To capture nonlinear relationships between predictors and outcomes while keeping the model additive and interpretable. Each smooth \(s_j(X_j)\) shows a separate partial effect.
Key Idea
Replace linear terms with penalized splines; the penalty \(\lambda_j \boldsymbol{\beta}_j'\mathbf{K}_j\boldsymbol{\beta}_j\) controls smoothness.
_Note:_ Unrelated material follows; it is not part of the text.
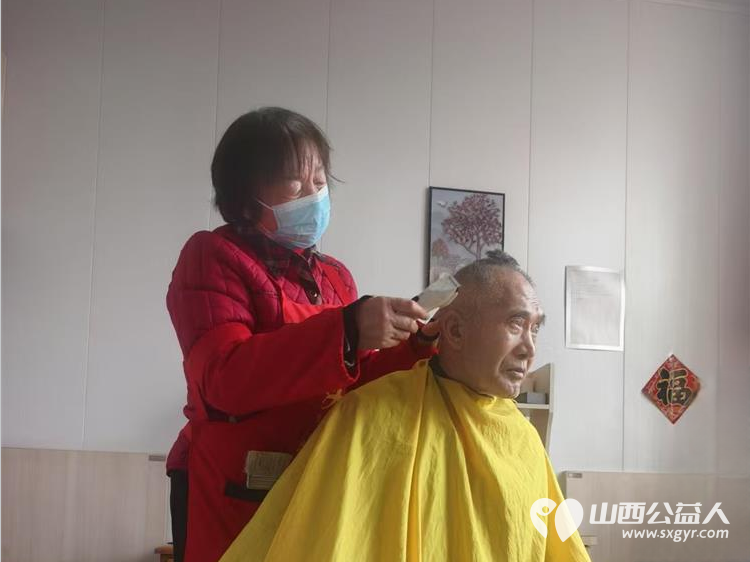 长治市阳光困境儿童帮扶协会志愿者在长治市南山田园敬老院参加学雷锋志愿服务爱心义剪志愿服务 - 第11张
Each \(\lambda_j\) is estimated from data (e.g., REML or GCV).
Bayesian View
The penalty acts as a Gaussian prior on spline coefficients: \(p(\boldsymbol{\beta}) \propto \exp[-\tfrac{1}{2}\boldsymbol{\beta}'\mathbf{K}\boldsymbol{\beta}]\). The resulting uncertainty bands are approximate Bayesian credible intervals with good frequentist coverage.
Multiple Smoothers
GAMs combine several smooth functions additively: \(y_i = \beta_0 + g_1(x_i) + g_2(z_i) + \varepsilon_i\), each with its own smoothing parameter.
Interactions
Use tensor-product smooths\(s(x_1, x_2)\) to model smooth interactions between predictors.
Model Checking
gam.check() assesses whether basis dimension \(k\) is large enough and whether smooths are over- or under-fitted. A \(k\)-index near 1 indicates adequate flexibility.
Example 1 – Preterm Birth
Logistic GAM with \(s(\text{age})\) reveals a U-shaped age effect on log-odds of preterm birth—highest at youngest and oldest mothers.
Example 2 – Air Pollution
Poisson GAM of daily deaths vs. lagged PM₂.₅ shows nonlinear exposure effects, seasonality, and long-term trend using multiple smooths.
Interpretation
Each smooth \(s_j(X_j)\) displays the partial, nonlinear effect of \(X_j\) on the response scale defined by the link. Shaded bands show uncertainty.
In Summary
GAMs unify splines and GLMs, offering a flexible, interpretable, and data-driven framework for modeling nonlinear effects across multiple predictors.